10のMAツール候補を5つの比較軸で絞り込み、最終候補へ集約する構造の図

MAツール10製品を、対象業務、料金・無料枠、必要な運用体制、CRM連携、Google関連の接続で比較します。順位を付けるのではなく、自社の顧客基盤、リード数、運用人数、匿名訪問者への対応、イベント運用などから候補を絞ります。

MAツール選びでは、先に「顧客データの正本」「匿名リードを扱うか」「営業へ渡す条件」「運用責任者」「年間総費用」を決めます。Salesforceを正本にする会社、CRM一体で始める会社、匿名訪問者へ働きかけたい会社、展示会を多く行う会社では、適する製品が異なります。

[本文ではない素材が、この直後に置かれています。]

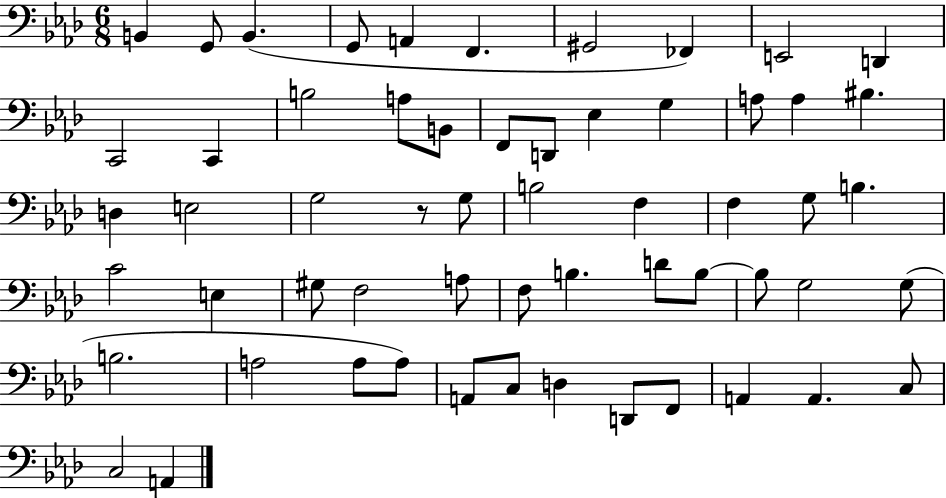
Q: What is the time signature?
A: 6/8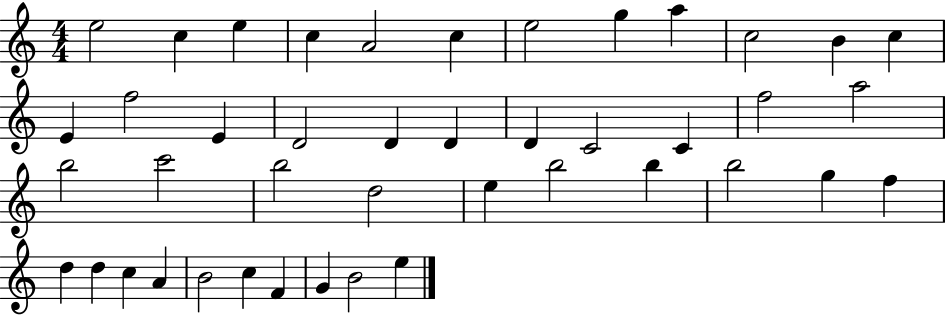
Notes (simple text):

E5/h C5/q E5/q C5/q A4/h C5/q E5/h G5/q A5/q C5/h B4/q C5/q E4/q F5/h E4/q D4/h D4/q D4/q D4/q C4/h C4/q F5/h A5/h B5/h C6/h B5/h D5/h E5/q B5/h B5/q B5/h G5/q F5/q D5/q D5/q C5/q A4/q B4/h C5/q F4/q G4/q B4/h E5/q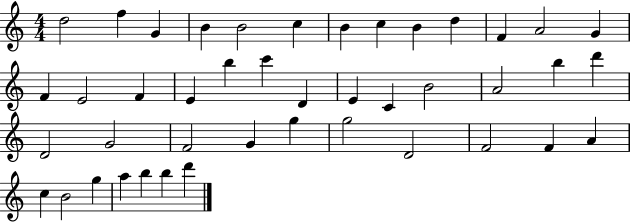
{
  \clef treble
  \numericTimeSignature
  \time 4/4
  \key c \major
  d''2 f''4 g'4 | b'4 b'2 c''4 | b'4 c''4 b'4 d''4 | f'4 a'2 g'4 | \break f'4 e'2 f'4 | e'4 b''4 c'''4 d'4 | e'4 c'4 b'2 | a'2 b''4 d'''4 | \break d'2 g'2 | f'2 g'4 g''4 | g''2 d'2 | f'2 f'4 a'4 | \break c''4 b'2 g''4 | a''4 b''4 b''4 d'''4 | \bar "|."
}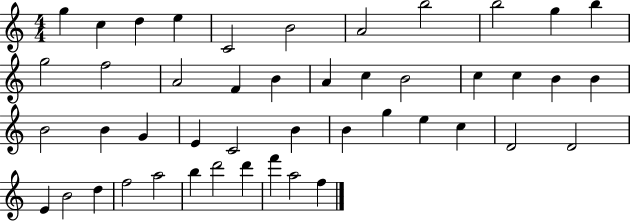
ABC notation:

X:1
T:Untitled
M:4/4
L:1/4
K:C
g c d e C2 B2 A2 b2 b2 g b g2 f2 A2 F B A c B2 c c B B B2 B G E C2 B B g e c D2 D2 E B2 d f2 a2 b d'2 d' f' a2 f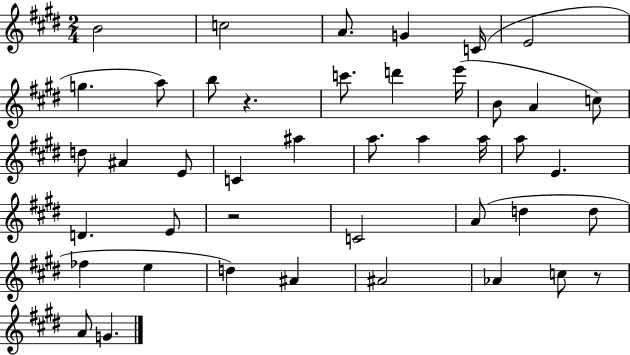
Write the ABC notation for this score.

X:1
T:Untitled
M:2/4
L:1/4
K:E
B2 c2 A/2 G C/4 E2 g a/2 b/2 z c'/2 d' e'/4 B/2 A c/2 d/2 ^A E/2 C ^a a/2 a a/4 a/2 E D E/2 z2 C2 A/2 d d/2 _f e d ^A ^A2 _A c/2 z/2 A/2 G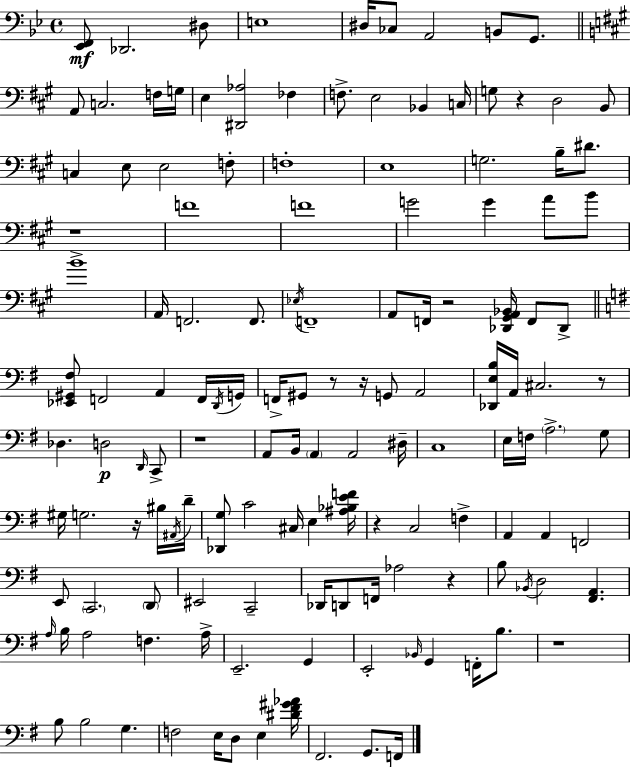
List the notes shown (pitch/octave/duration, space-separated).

[Eb2,F2]/e Db2/h. D#3/e E3/w D#3/s CES3/e A2/h B2/e G2/e. A2/e C3/h. F3/s G3/s E3/q [D#2,Ab3]/h FES3/q F3/e. E3/h Bb2/q C3/s G3/e R/q D3/h B2/e C3/q E3/e E3/h F3/e F3/w E3/w G3/h. B3/s D#4/e. R/w F4/w F4/w G4/h G4/q A4/e B4/e B4/w A2/s F2/h. F2/e. Eb3/s F2/w A2/e F2/s R/h [Db2,G#2,A2,Bb2]/s F2/e Db2/e [Eb2,G#2,F#3]/e F2/h A2/q F2/s D2/s G2/s F2/s G#2/e R/e R/s G2/e A2/h [Db2,E3,B3]/s A2/s C#3/h. R/e Db3/q. D3/h D2/s C2/e R/w A2/e B2/s A2/q A2/h D#3/s C3/w E3/s F3/s A3/h. G3/e G#3/s G3/h. R/s BIS3/s A#2/s D4/s [Db2,G3]/e C4/h C#3/s E3/q [A#3,Bb3,E4,F4]/s R/q C3/h F3/q A2/q A2/q F2/h E2/e C2/h. D2/e EIS2/h C2/h Db2/s D2/e F2/s Ab3/h R/q B3/e Bb2/s D3/h [F#2,A2]/q. A3/s B3/s A3/h F3/q. A3/s E2/h. G2/q E2/h Bb2/s G2/q F2/s B3/e. R/w B3/e B3/h G3/q. F3/h E3/s D3/e E3/q [D#4,F#4,G#4,Ab4]/s F#2/h. G2/e. F2/s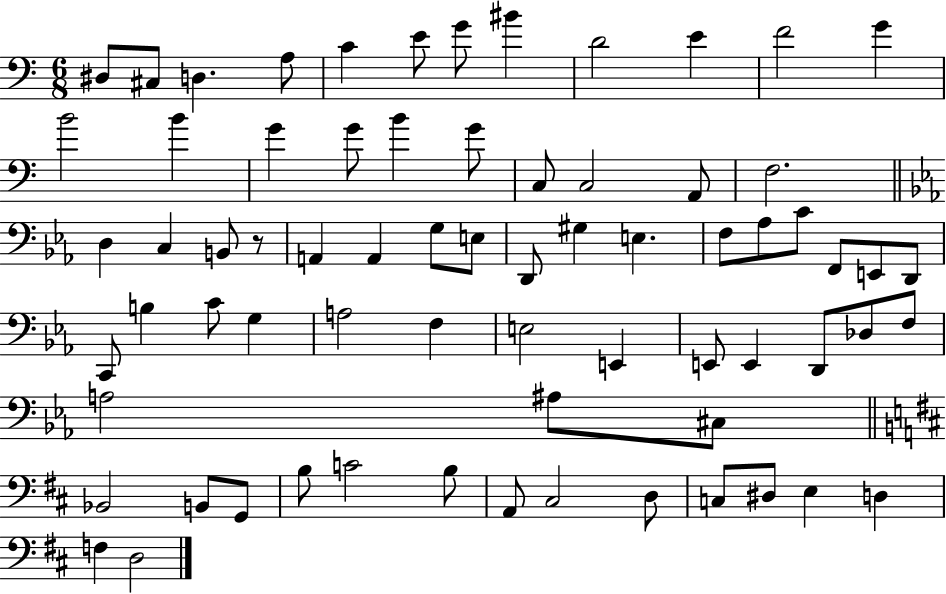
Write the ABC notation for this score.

X:1
T:Untitled
M:6/8
L:1/4
K:C
^D,/2 ^C,/2 D, A,/2 C E/2 G/2 ^B D2 E F2 G B2 B G G/2 B G/2 C,/2 C,2 A,,/2 F,2 D, C, B,,/2 z/2 A,, A,, G,/2 E,/2 D,,/2 ^G, E, F,/2 _A,/2 C/2 F,,/2 E,,/2 D,,/2 C,,/2 B, C/2 G, A,2 F, E,2 E,, E,,/2 E,, D,,/2 _D,/2 F,/2 A,2 ^A,/2 ^C,/2 _B,,2 B,,/2 G,,/2 B,/2 C2 B,/2 A,,/2 ^C,2 D,/2 C,/2 ^D,/2 E, D, F, D,2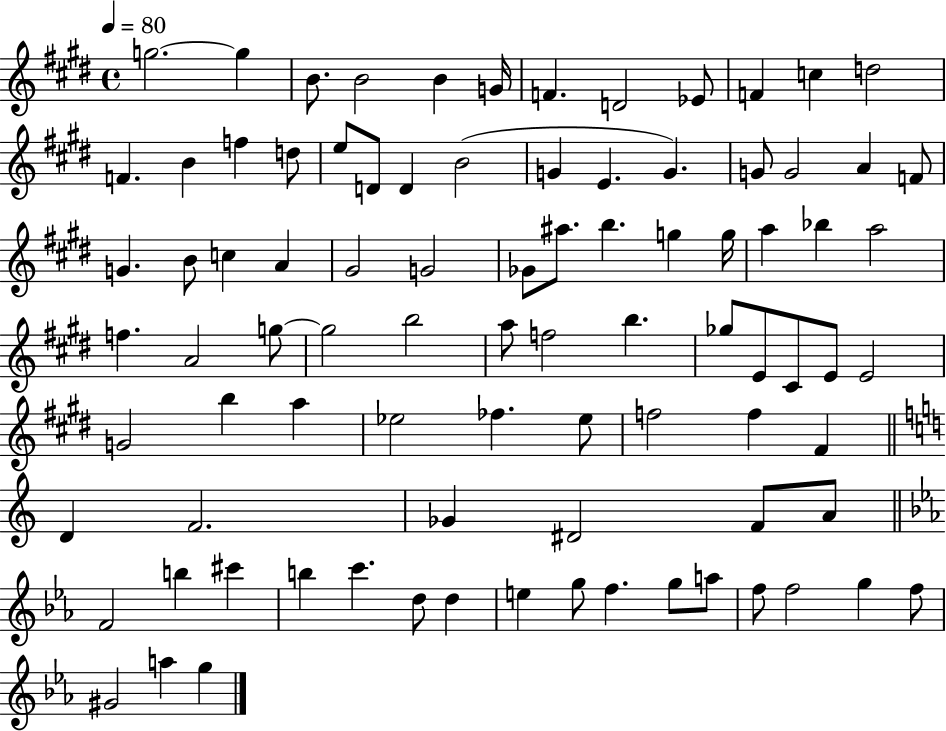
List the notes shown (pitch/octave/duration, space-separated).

G5/h. G5/q B4/e. B4/h B4/q G4/s F4/q. D4/h Eb4/e F4/q C5/q D5/h F4/q. B4/q F5/q D5/e E5/e D4/e D4/q B4/h G4/q E4/q. G4/q. G4/e G4/h A4/q F4/e G4/q. B4/e C5/q A4/q G#4/h G4/h Gb4/e A#5/e. B5/q. G5/q G5/s A5/q Bb5/q A5/h F5/q. A4/h G5/e G5/h B5/h A5/e F5/h B5/q. Gb5/e E4/e C#4/e E4/e E4/h G4/h B5/q A5/q Eb5/h FES5/q. Eb5/e F5/h F5/q F#4/q D4/q F4/h. Gb4/q D#4/h F4/e A4/e F4/h B5/q C#6/q B5/q C6/q. D5/e D5/q E5/q G5/e F5/q. G5/e A5/e F5/e F5/h G5/q F5/e G#4/h A5/q G5/q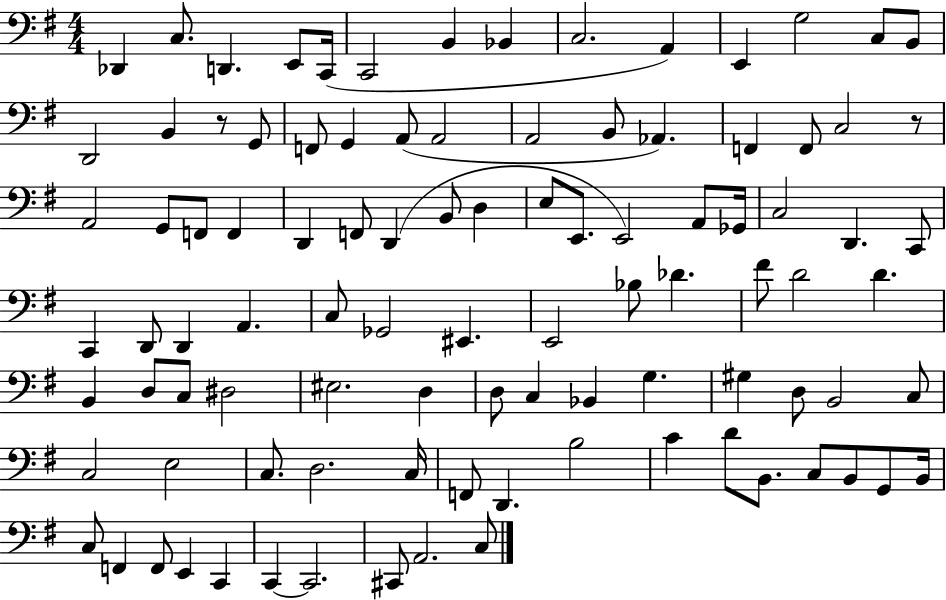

MAツールを顧客基盤、対象チャネル、営業連携、運用体制、総費用で比較する図
MAツールは機能数や知名度ではなく、自社の顧客基盤、運用体制、営業への受け渡しに合うかで比較します。

本記事のポイント

  1. MAツールは、顧客基盤、対象チャネル、営業連携、運用人数、総費用の5軸で比較します。
  2. 価格は基本料だけでなく、コンタクト・配信・PV・ユーザー・連携・導入支援を含めて確認します。
  3. 無料枠やデモでは、フォーム登録から配信、判定、営業通知、CRM更新までを同じデータで試します。

MAツール比較の結論:5つの軸で選ぶ

  1. 顧客基盤:Salesforce、HubSpot、独自CRM、表計算など、顧客データの正本を決める
  2. 対象チャネル:メール、フォーム、Web、広告、イベント、ウェビナーの必要範囲を決める
  3. 営業連携:MQL条件、担当割り当て、通知、CRM更新、営業からの差し戻しを確認する
  4. 運用体制:コンテンツ、配信、データ、連携、分析を何人で保守できるかを決める
  5. 総費用:初期費用、基本料、コンタクト、配信、PV、ユーザー、オプション、支援を含める

MAの意味や主要機能を先に確認する場合はマーケティングオートメーション(MA)とは、比較表を作る要件はMAツールの機能要件一覧を参照してください。

MAツール10製品の比較表

以下は2026年7月11日に各社公式ページを確認した内容です。料金は税、契約期間、コンタクト数、利用量、追加機能で変わります。「運用体制の目安」は公式仕様ではなく、初期設計と継続運用の複雑さから本記事が整理した目安です。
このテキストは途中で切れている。